Es geht dann weiter mit kurzen Texten und bunten Illustrationen, immerhin sehen die Menschen darauf nicht immer glücklich aus wie auf einer Abenteuerreise. Viele aber schon, und allein das ist verstörend.
Bis zur Abreise, so wird erklärt, kämen Familien in Gewahrsam, nur darf das so in der Broschüre nicht heißen. "Möglicherweise darfst du die Einrichtung verlassen, vielleicht aber auch nicht. Vielleicht dürfen dich Menschen besuchen, die nicht in der Einrichtung leben. Hierfür gelten in verschiedenen Ländern verschiedene Regeln." Am Tag der Ausreise, heißt es weiter, kämen "Begleitpersonen" mit Westen. "Welche Farbe wird die Weste wohl haben?" - Dieser Satz steht dort wirklich, als sei das alles ein lustiges Ratespiel. "Möglicherweise siehst du jemanden mit Handschellen. So sind er und die anderen sicher."
Am Gepäckband, das in der Szene nach der Ankunft zu sehen ist, hellen sich die Gesichter der Abgeschobenen schon wieder auf, ein Kind fällt einem Erwachsenen um den Hals. "Im Land deiner Familie wirst du viel erleben und kennenlernen, das neu und ganz anders ist. Zum Beispiel ein neues Haus, eine neue Schule, eine andere Sprache und anderes Essen. Neues kennenzulernen ist immer aufregend, darum hab keine Angst, Neues zu entdecken – vielleicht nette neue Lehrer, nette neue Freundinnen und Freunde oder leckere neue Süßigkeiten."

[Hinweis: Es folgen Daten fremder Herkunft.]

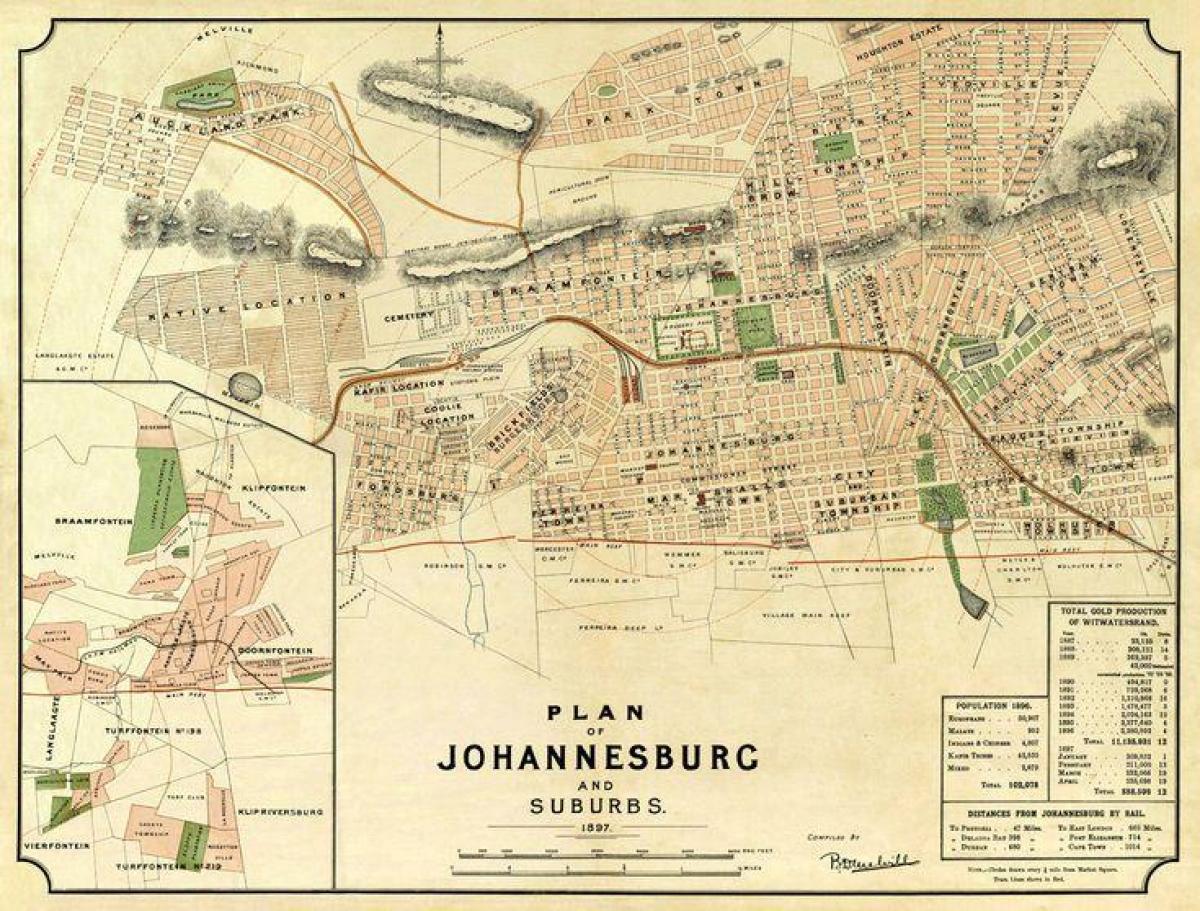 Johannesburg (Joburg Jozi) mappa antica
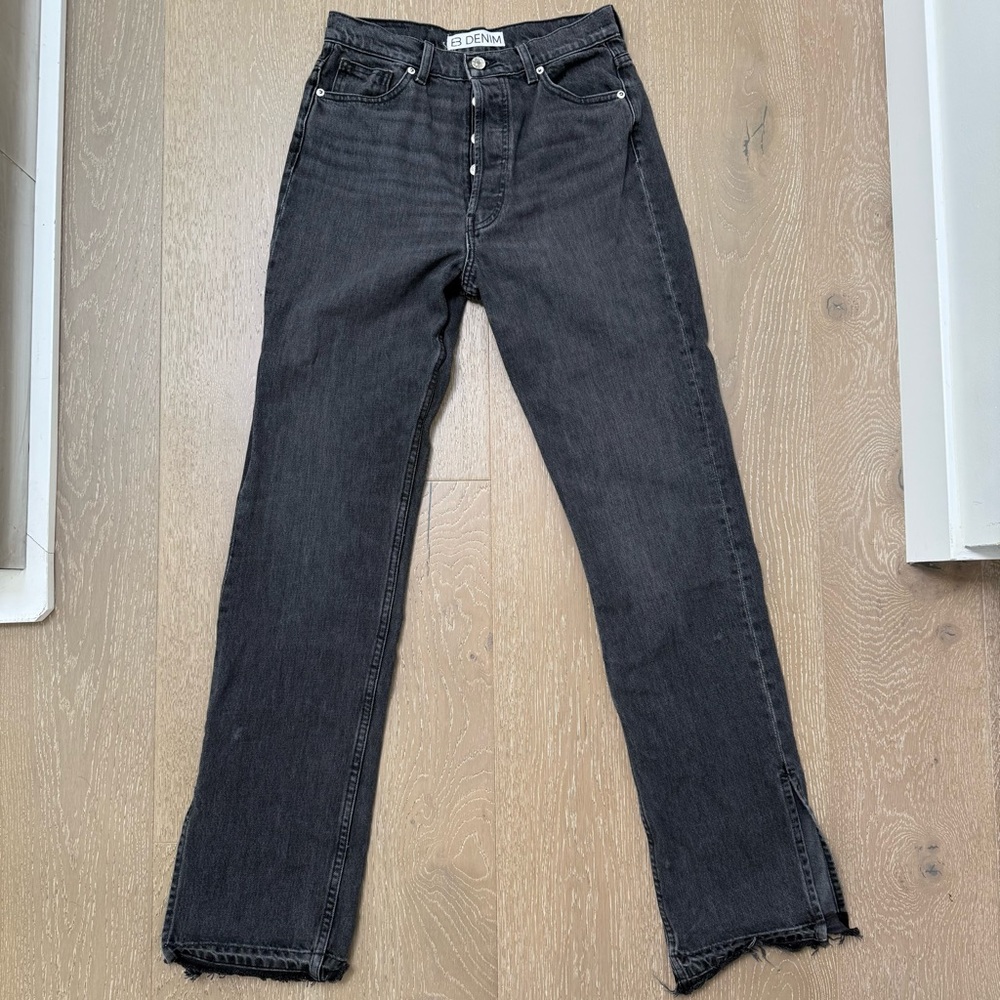 EB Denim Black Straight Leg Jeans with Hem Slit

Lesehinweis: Ein Krankenpfleger arbeitet als Minenräumer. Jeden Tag riskiert er sein Leben, um zu verhindern, dass Kinder mit Minen spielen und sterben.

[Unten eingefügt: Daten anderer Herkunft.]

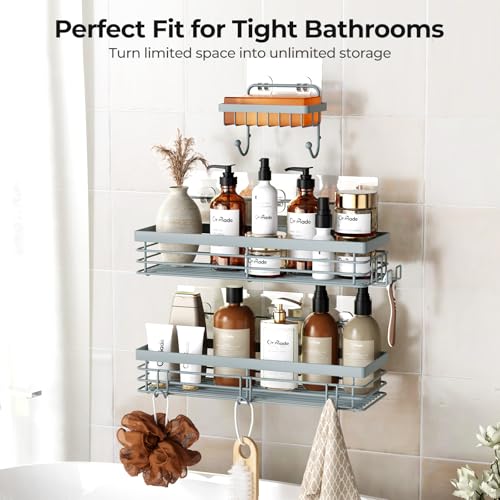 Orimade Adhesive Shower Caddy Soap Dish Holder Shelf with 5 Hooks Bathroom Organizer Basket Kitchen Storage Rack Wall Mounted No Drilling Stainless Steel - 3 Pack, Light Blue Grey - color: Light Blue Grey - 3 Pack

Hat die bunte Bilderbuchwelt etwas mit der Realität zu tun? Timmo Scherenberg vom Hessischen Flüchtlingsrat sagt: "Eine Abschiebung ist eine extrem stressige und belastende Situation für alle Beteiligten einschließlich der Beamten, die dabei eingesetzt werden. Es ist eine Zwangsmaßnahme." Mitunter würden die Leute mitten in der Nacht von der Polizei aus den Betten geklingelt, auch Familien mit Kindern. Der Termin der Abschiebung werde nicht angekündigt, das sei seit einigen Jahren verboten. Zum Packen bleibe kaum Zeit. "Es gelten die Gepäckbeschränkungen, die auch gelten, wenn wir in den Urlaub fliegen, 20 Kilo pro Person. Die Menschen müssen ihr Leben in einen Koffer packen. Was keinen Platz hat, kommt halt nicht mit", sagt Scherenberg. Manchmal scheiterten Abschiebungen, weil Menschen sich wehrten. "Bei der zweiten Rückführungsvollstreckung werden Leute gefesselt, werden Menschen ins Flugzeug getragen." Es könne sein, dass Kinder dabei zusehen müssten. Derzeit treffe dieses Schicksal viele Menschen aus der irakischen Community. Über viele Jahre seien Rückführungen nicht möglich gewesen und Duldungen verlängert worden, erklärt Timmo Scherenberg. "Diese Leute fallen nun aus allen Wolken."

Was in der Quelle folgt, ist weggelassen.